そのためにロシアは中国とも協力して、インターネット環境に関する国際的な枠組みを作ろうと動いています。技術力で勝る国からの脅威を排除するのは難しいので、「国際情報安全保障条約」などを締結することで、その脅威を少しでも軽減しようという狙いがあります。
「ナラティブ」流布に注意せよ
――ロシアが端々に滲ませる「被害者意識」が気になっていたのですが、西側の情報が自由に入ってくることそのものが、ロシアにとっては「脅威」でもある、ということなのですね。
【佐々木】歴史的に積み重なってきた被害者意識があるのは確かです。そもそも、ロシアには日本で言うところの「安全」と全く同等な言葉がありません。「安全」を辞書で引くと「危険でない」という言葉が出てきます。つまり、相手に対してとにかく警戒して、危険につながりそうなものを叩き潰していかなければ、いわゆる「安全」は保てないという脅威認識なのです。
危機に対する考え方そのものが、やはり我々とはちょっと違う。現実の空間でも、サイバー空間でも、「押し出さなければ押し込まれてしまう」という脅威感覚があることは知っておいた方がいいでしょう。

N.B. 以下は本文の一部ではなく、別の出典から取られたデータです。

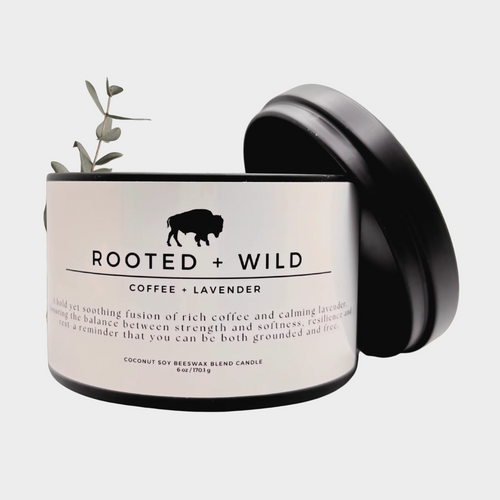6 oz Rooted + Wild Candle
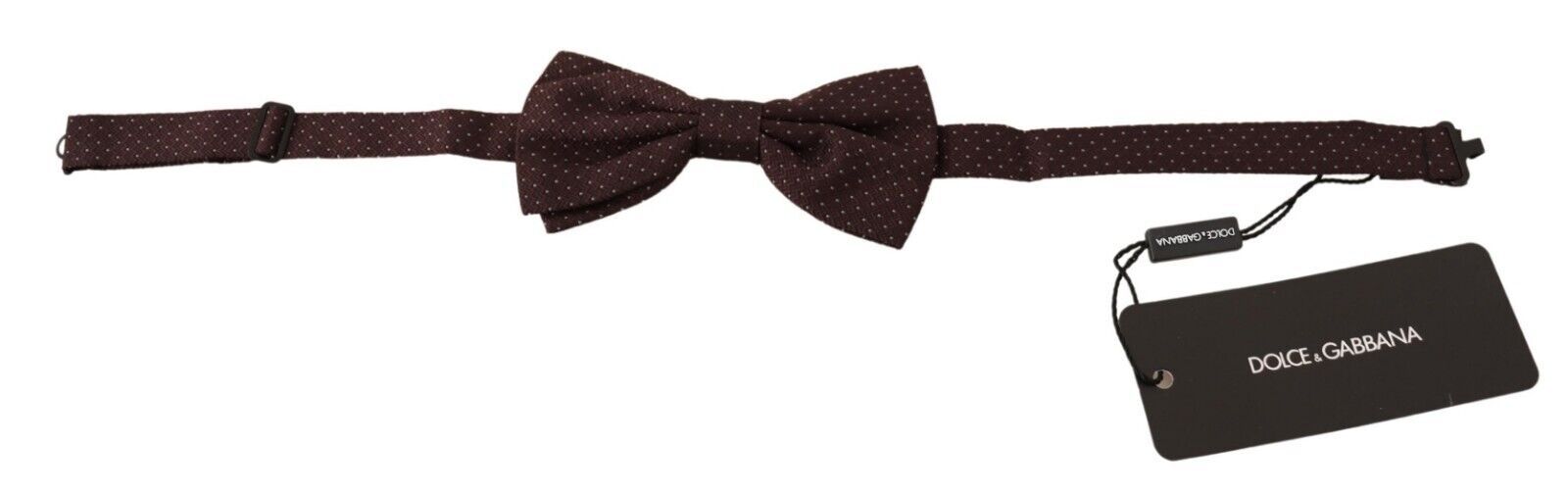 Elegant Brown Dot Pattern Silk Bow Tie - ventzia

また、ここで気を付けなければならないのは、ロシアは事実とフェイクを織り交ぜながら「ナラティブ(物語)」を作りだし、ロシアが有利になるような情報環境を構築しようとすることです。今回のウクライナに関しても、プーチン大統領は「現代ロシアの源流はキエフ公国であり、ロシアとウクライナは一体 不可分だ」という言い方をします。確かに部分的には事実ですが、「だから主権国家のウクライナはロシアに従属すべきだ」となるのはおかしい。
ロシアが「被害者意識」を交え、「アメリカやNATOが、本来一つであるべきロシアとウクライナの間を引き裂いている」「しないと約束したはずのNATOの東方拡大を欧米が破ったのが問題だ」などと言って、侵攻を正当化する。これは主に国内向けの情報工作ですが、アメリカや日本などの西側諸国でも「ロシアの理論武装をそのまま受け入れてしまう人」がいるので、注意が必要です。